Department of Civil Engineering, University of North Dakota, 243 Centennial Drive Stop 8115, Grand Forks, North Dakota 58202, United States.
Department of Civil Engineering, University of North Dakota, 243 Centennial Drive Stop 8115, Grand Forks, North Dakota 58202, United States; Department of Chemistry, University of North Dakota, 151 Cornell Street Stop 9024, Grand Forks, North Dakota 58202, United States.
Water Res. 2021 Jul 15;200:117271. doi: 10.1016/j.watres.2021.117271. Epub 2021 May 19.
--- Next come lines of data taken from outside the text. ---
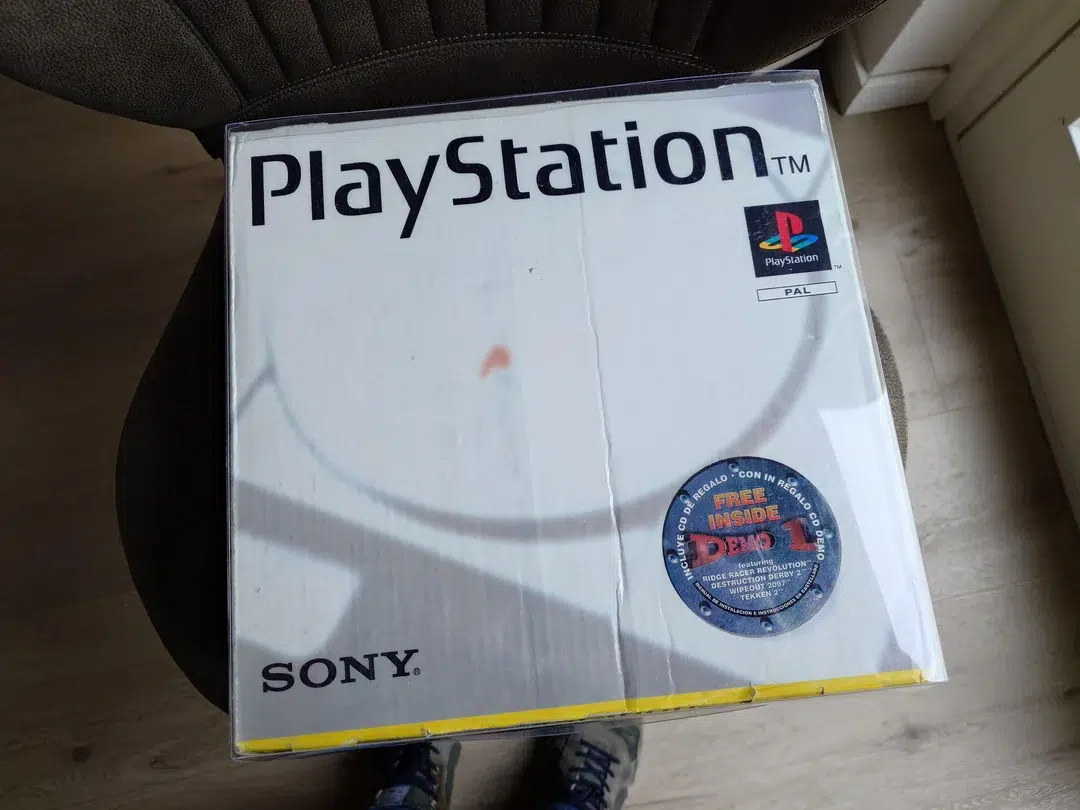 Homem abre PS1 lacrado desde os anos 90 e publica as fotos; veja aqui 1 ps1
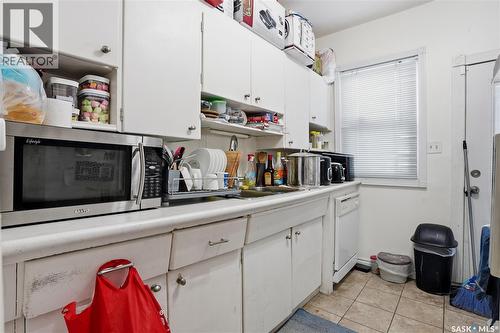 1562 Argyle Street, Regina, SK - Indoor Photo Showing Kitchen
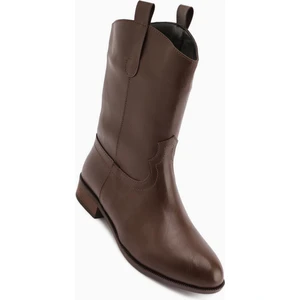 Liza Kahve Çekme Kadın Bot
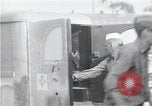 Image survivants du USS Indianapolis CA-35 Peleliu îles Palau, 1945, de la seconde 49 séquences d'archives historiques vidéo 65675061231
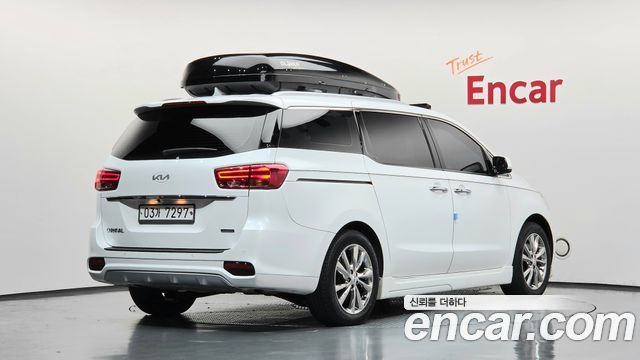 Kia Carnival 9-Seater Noblesse Special 2019 — фото 2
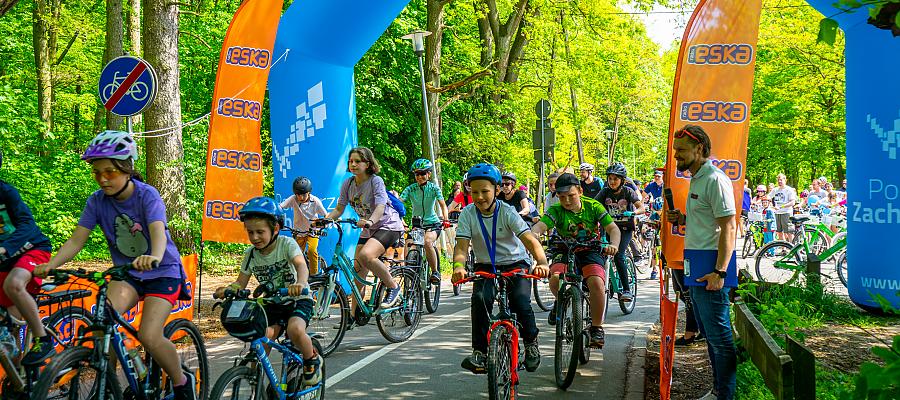Start rajdu rowerowego w Lesie Arkońskim.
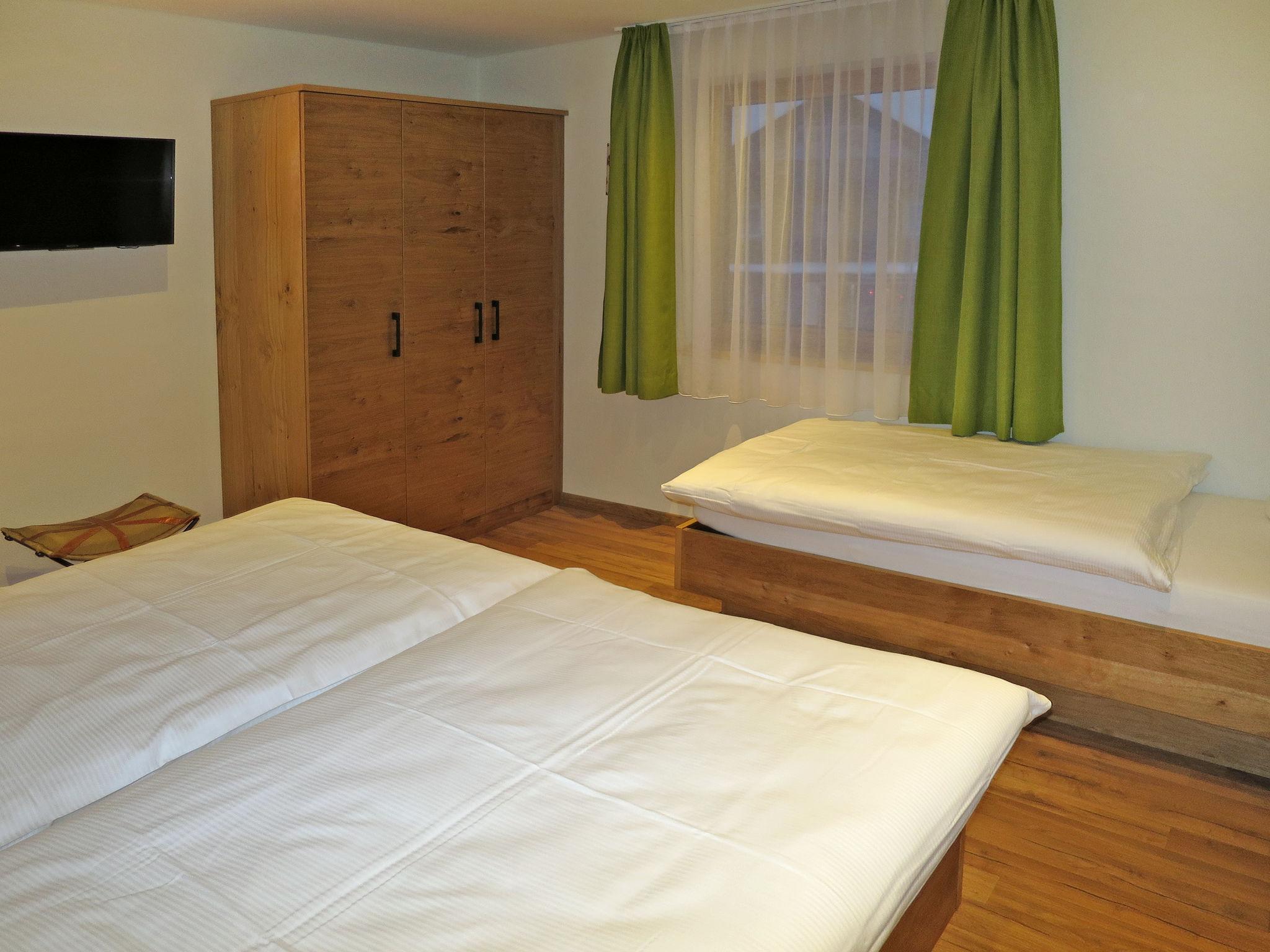 Foto 11 - Appartamento con 4 camere da letto a Fügen con terrazza e vista sulle montagne
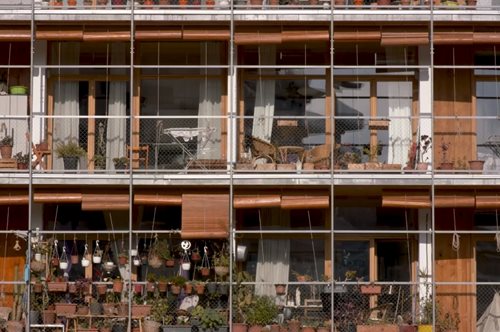 La Borda: Μία συνεταιριστική κατοικία φέρνει την επανάσταση στην έννοια της ιδιοκτησίας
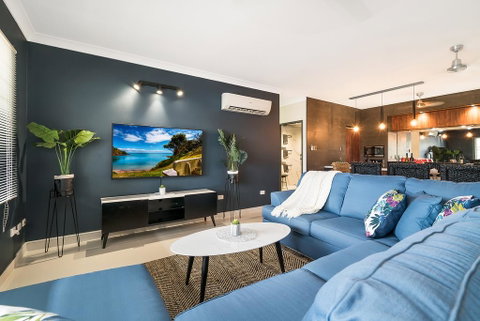 4 BEDROOM GARDENS ESCAPE - CHAMPAGNE STAYS Darwin - Holiday Byron Bay 0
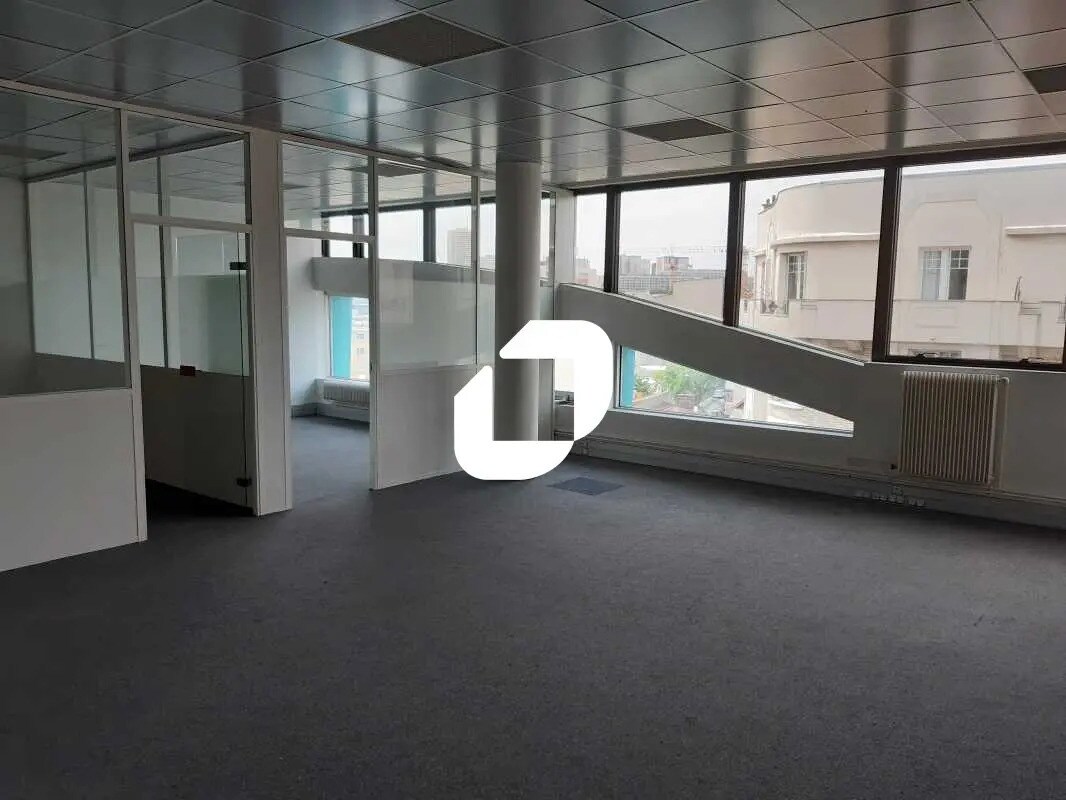 Bureau dans Montreuil à louer Photo de l’immeuble– Image 1 sur 11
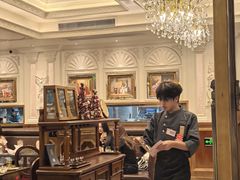 -秘密旅行Bonjour(黑金冠 江南西店)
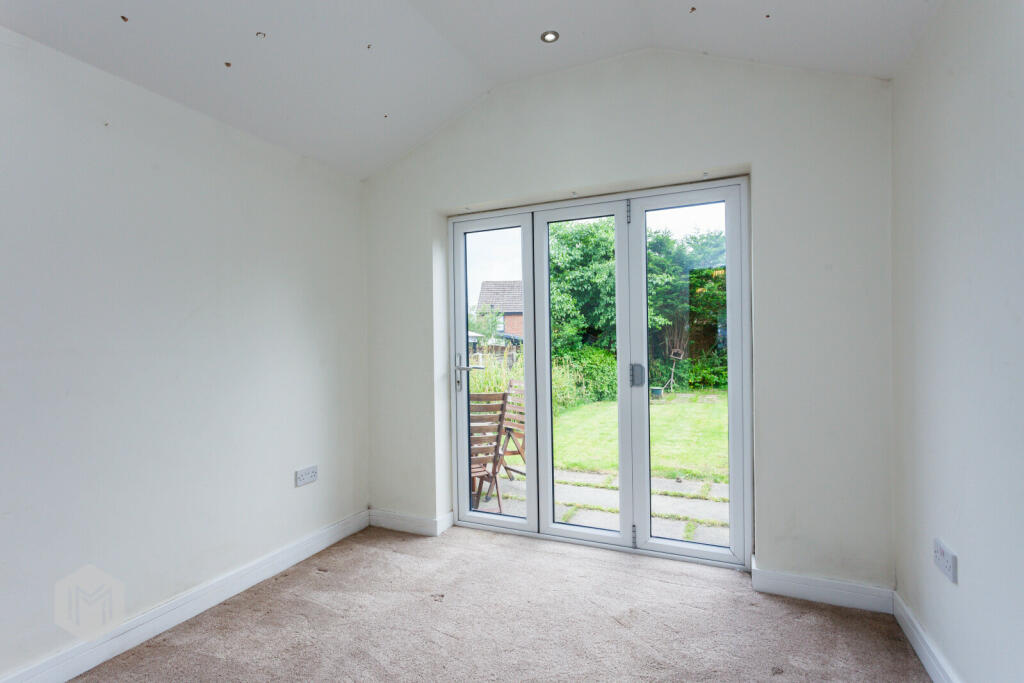 2 bed Semi-Detached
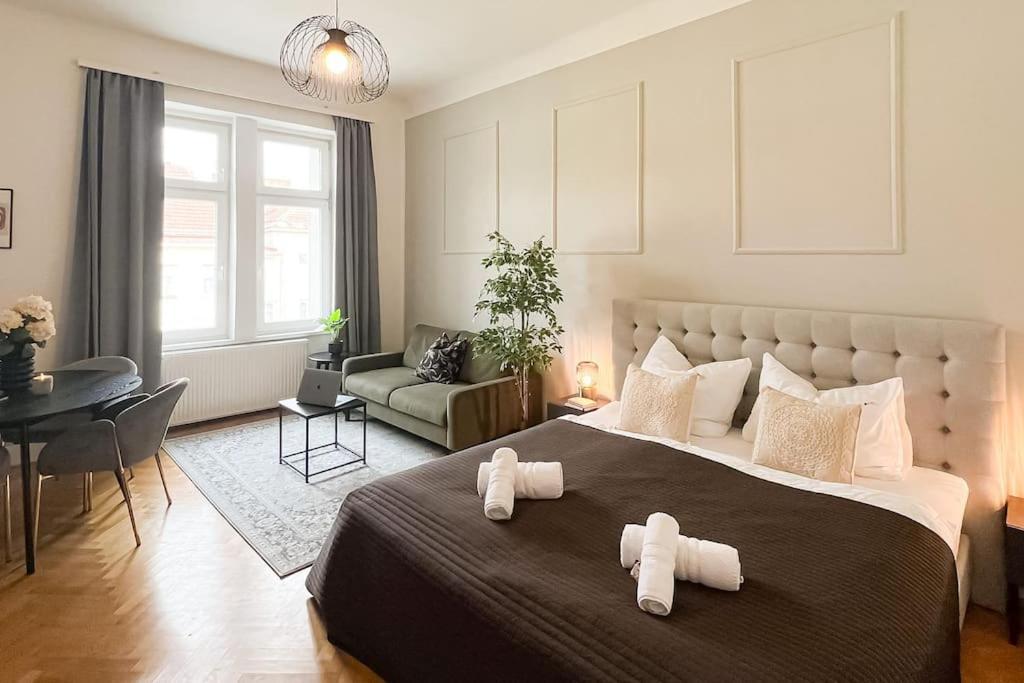 Cozy & Central 2 Bedroom Apartment ウィーン エクステリア 写真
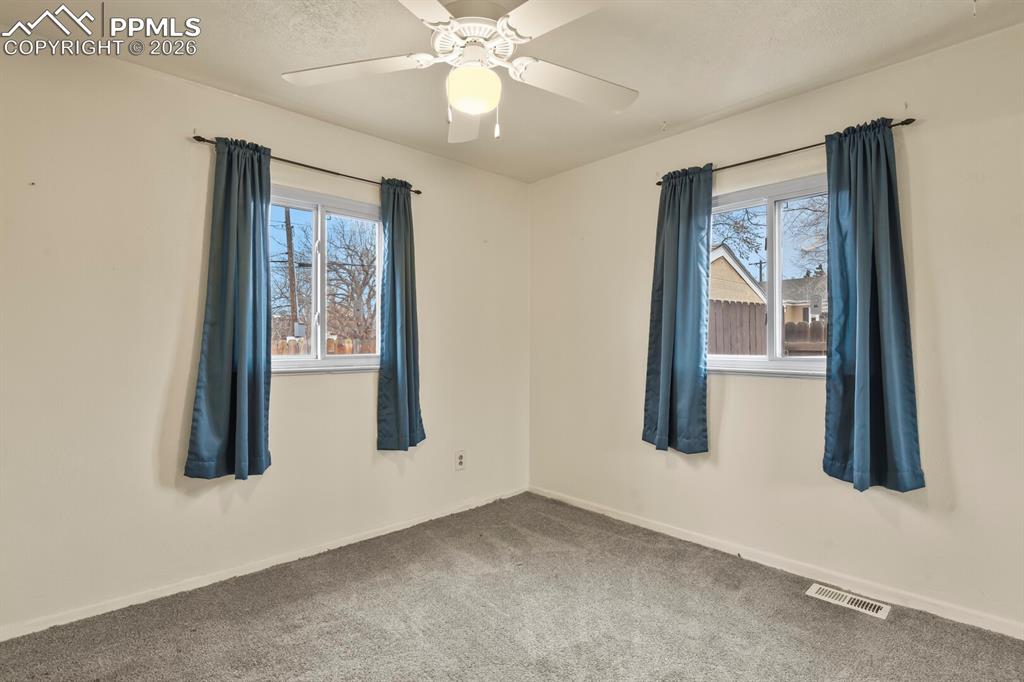 Image 11 of 21: Bedroom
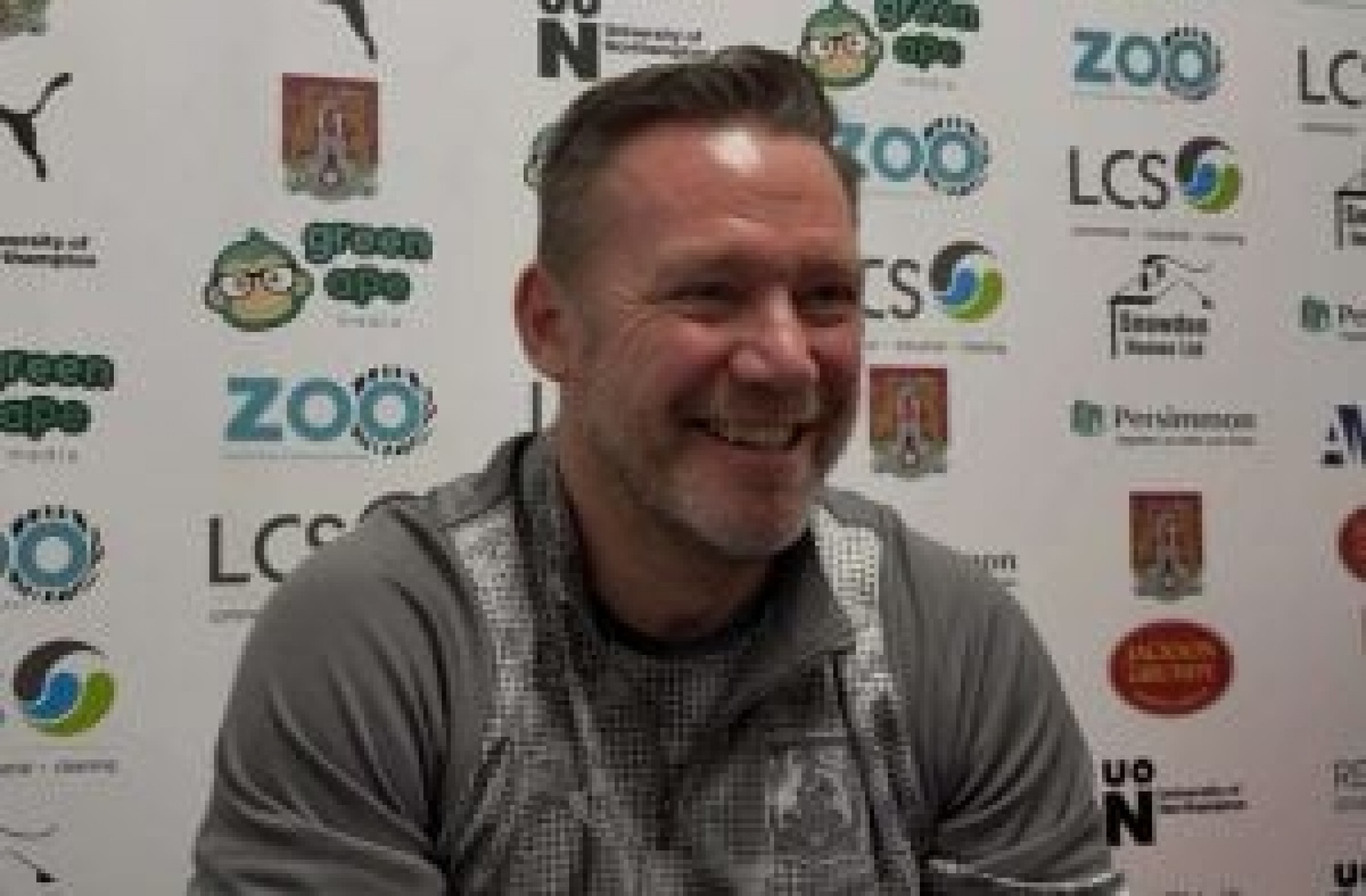 Bizarro! Jogador &eacute; anunciado, mas esquece de assinar contrato e mela transfer&ecirc;ncia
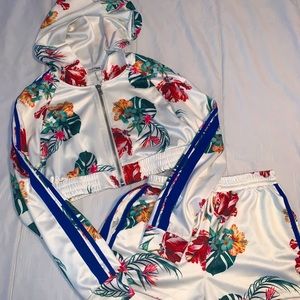 Multicolored shorts set with floral design
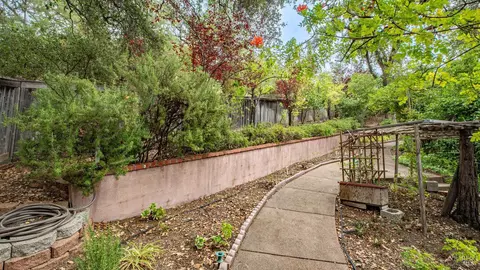 Exterior - 113 Heidi Ln, Cloverdale, CA 95425 photo 20 of 29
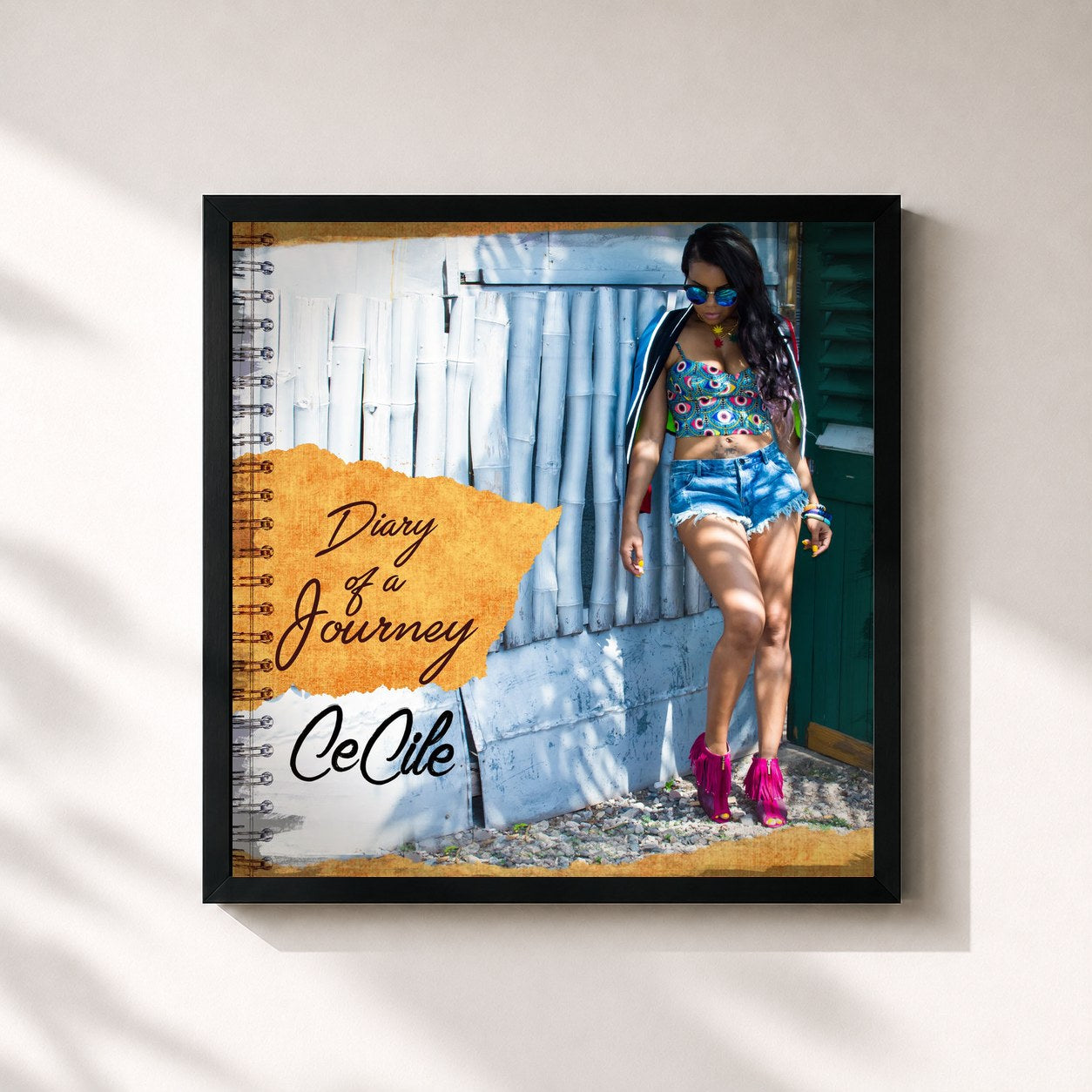 #noir Tableau carré de l'album Diary of a Journey de Ce'cile, cadre noir 32x32 cm
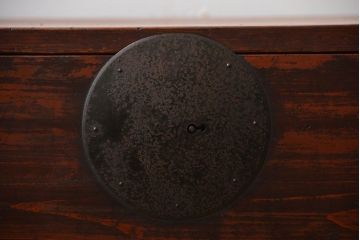 アンティーク家具　和製アンティーク　古い木の味わい深い時代箪笥ローボード(2)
Thermal treatment is routinely used to reactivate the spent granular activated carbon (GAC) from water purification facilities. It is also an integral part of sewage sludge treatment and municipal solid waste management. This study presents a detailed investigation of the fate of per- and polyfluoroalkyl substances (PFAS) and one PFAS alternative (GenX) in thermal processes, focusing on the effect of GAC. We demonstrate that the thermolysis of perfluoroalkyl carboxylic acids (PFCAs), including perfluorooctanoic acid (PFOA), and GenX can occur at temperatures of 150‒200 °C. Three temperature zones were discovered for PFOA, including a stable and nonvolatile zone (≤90 °C), a phase-transfer and thermal decomposition zone (90‒400 °C), and a fast decomposition zone (≥400 °C). The thermal decomposition began with the homolysis of a C‒C bond next to the carboxyl group of PFCAs, which formed unstable perfluoroalkyl radicals. Dual decomposition pathways seem to exist. The addition of a highly porous adsorbent, such as GAC or a copolymer resin, compressed the intermediate sublimation zone of PFCAs, changed their thermal decomposition pathways, and increased the decomposition rate constant by up to 150-fold at 250 °C. The results indicate that the observed thermal decomposition acceleration was linked to the adsorption of gas-phase PFCA molecules on GAC. The presence of non-activated charcoals/biochars with a low affinity for PFOA did not accelerate its thermal decomposition, suggesting that the π electron-rich, polyaromatic surface of charcoal/GAC played an insignificant role compared to the adsorbent's porosity. Overall, the results indicate that (1) substantial decomposition of PFCAs and GenX during conventional thermal GAC/sludge/waste treatment is very likely, and (2) the presence or addition of GAC or other highly porous materials can accelerate thermal PFAS decomposition and alter decomposition pathways.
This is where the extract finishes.